И все же “независимость” “Дальстроя” не была стопроцентно мнимой. Хотя Берзин отчитывался перед Сталиным, он сумел оставить на Колыме свой след, так что “эпоху Берзина” позднее вспоминали с сожалением. Берзин, судя по всему, понимал свою задачу просто: сделать так, чтобы заключенные добывали как можно больше золота. Он не был заинтересован в том, чтобы морить их голодом, убивать, наказывать, – значение имела только выработка. Поэтому при первом директоре “Дальстроя” условия были далеко не такими тяжелыми, как после него, и заключенные гораздо меньше голодали. И то, что за первые два года работы “Дальстроя” добыча золота на Колыме выросла в восемь раз, отчасти объясняется этим[320].
Несомненно, первые годы Колымы были отмечены тем же хаосом и дезорганизацией, что царили повсеместно.

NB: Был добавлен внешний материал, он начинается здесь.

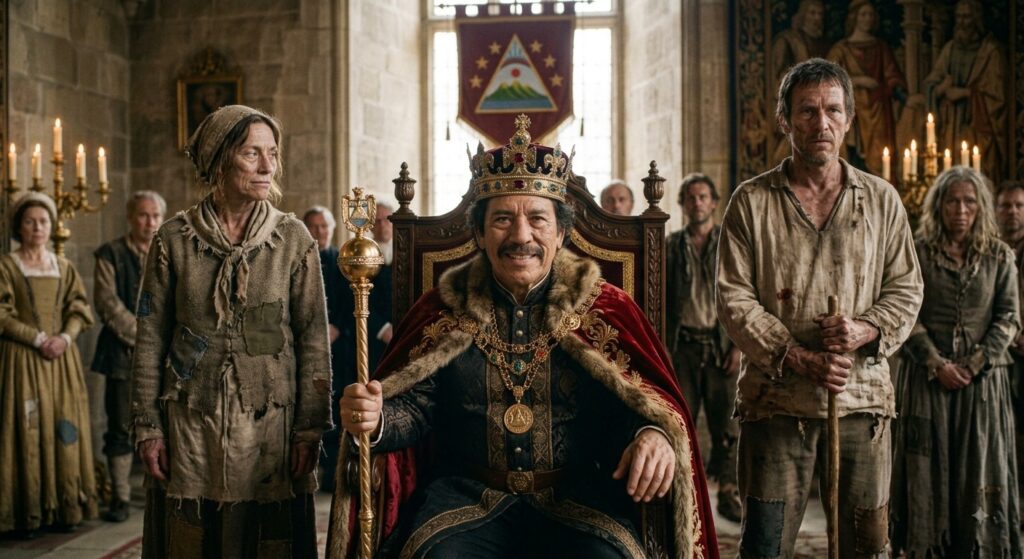 Crowned ruler seated on a throne surrounded by impoverished citizens, symbolizing concentrated and dynastic political power.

В 1932 году в регионе уже работало почти 10 000 заключенных (в том числе инженеры и специалисты, чья квалификация как нельзя лучше соответствовала задачам) и более 3000 вольнонаемных[321]. Цифры смертности были чрезвычайно высоки. Из 16 000 заключенных, направленных на Колыму в первый год деятельности Берзина, живыми прибыли в Магадан только 9928[322]. Остальные, плохо одетые и беззащитные, пали жертвой северной зимы. Перенесшие этот первый год позднее утверждали, что в живых осталась только половина из общего числа[323].
Однако первоначальный хаос был преодолен, и положение понемногу улучшалось. К этому Берзин приложил немалые старания, справедливо считая, что если от заключенного золотодобытчика требуются высокие показатели, то его надо хорошо одевать и кормить. Томас Сговио, американец, прошедший Колыму, писал, что лагерные “старожилы” вспоминали времена Берзина с теплотой: “Когда температура опускалась ниже минус 50 °C, на работу не посылали. Было три выходных дня в месяц. Кормили сытно и питательно. Зэкам выдавали теплую одежду – меховые шапки, валенки…”[324] Писатель Варлам Шаламов, тоже бывший колымчанин, чьи “Колымские рассказы” принадлежат к числу самых горьких произведений лагерного жанра, писал о периоде правления Берзина:
Отличное питание, одежда, рабочий день зимой 4–6 часов, летом – 10 часов, колоссальные заработки для заключенных, позволяющие им помогать семьям и возвращаться после срока на материк обеспеченными людьми. <…> Тогдашние кладбища заключенных настолько малочисленны, что можно было думать, что колымчане – бессмертны[325].
Отношение лагерного начальства к заключенным было в целом тогда более гуманным, чем стало потом. В то время граница между заключенными и вольнонаемными была до некоторой степени размыта. Две группы вступали между собой в нормальные взаимоотношения; часть заключенных находилась на положении расконвоированных, а некоторые из них работали геологами, инженерами и даже входили в состав военизированной охраны[326].
Заключенным в какой-то мере позволяли участвовать в политической жизни эпохи. Как и Беломорканал, Колыма создавала своих ударников. Один заключенный “Дальстроя” даже стал “инструктором стахановских методов труда”. Хорошо работавшие заключенные получали значки с надписью “Ударник Колымы”[327].
Подобно Ухтпечлагу, Колыма быстро усложняла свою инфраструктуру. В 1930‑е годы заключенные не только добывали там золото, но и строили портовые сооружения в Магадане, а также Колымскую трассу – важнейшую автодорогу региона, которая ведет из Магадана на север. Большая часть лагпунктов Севвостлага располагалась вдоль этой дороги, и часто они получали названия по расстоянию от Магадана (например, “47‑й километр”). Город Магадан как таковой был построен заключенными.
В 1936 году он насчитывал 15 000 жителей и продолжал расти. Вернувшись в город в 1947 году после семи лет в дальних таежных лагерях, Евгения Гинзбург замерла “от удивления и восторга” – так быстро вырос Магадан. “Только через несколько дней я заметила, что дома эти можно пересчитать по пальцам. Но сейчас это для меня и впрямь столица”[328].